The Ministry for Primary Industries (MPI) is investing in the development of an integrated pest management approach to safeguard New Zealand’s maize and sweetcorn industries against fall armyworm.

“We’re collaborating with the Foundation for Arable Research, Process Vegetables NZ, Vegetables NZ Inc, and growers on management and mitigation strategies to help reduce production losses and enhance resilience to this invasive pest,” says Biosecurity New Zealand Deputy Director-General Stuart Anderson.

“Together we’ll develop some really good tools for growers, including establishing surveillance networks on a national scale.”

Fall armyworm is believed to have blown over to New Zealand from Australia after a cyclone in early 2022.

After a year of battling the pest, MPI and industry partners agreed to close the response and shift the focus to long-term management of the pest by industry.

Fall armyworm has the potential to impact 72,490 hectares of maize, with an estimated value of more than $480 million and 3,320 hectares of sweetcorn production, with an export value of $36.9 million.

“We don’t know what the full impact of the fall armyworm incursion will be in the future as it depends largely on our winter temperatures and suitable host plants in the absence of maize and sweetcorn,” says Ashley Mills, Biosecurity Officer, Foundation for Arable Research (FAR).

“For instance, in areas with warmer winter temperatures such as Northland, the insect has the capacity to overwinter and survive all year round.
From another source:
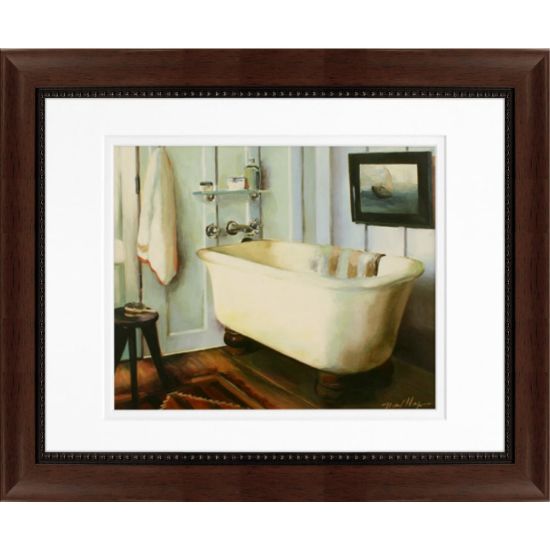 Picture of Timeless Frames Clayton Framed Bath Artwork, 11in x 14in, Brown, Cape Cod Cottage Tub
With warming temperatures, we might expect the problem to grow year on year.

“Part of our research will be to identify gaps of knowledge around the winter growing season and dispersal of fall armyworm.

“We’ll produce models and come up with early warning tools for agronomists and growers, so they understand when they need to employ their most intensive management strategies.

“There’s no one-size-fits-all solution, and approaches may vary according to factors such as region, climate or soil type. In most cases, encouraging beneficial insects will work, but in more problematic regions or localities, insecticides might be needed, and the timing of application will be important.

FAR and Vegetables NZ Inc will host information and tools for fall armyworm management on their websites. This will include modelling, distribution maps, guidelines, and training videos. FAR will also host workshops over winter, tailored to each region.

Stuart Anderson says engagement with growers will be an essential part of the programme.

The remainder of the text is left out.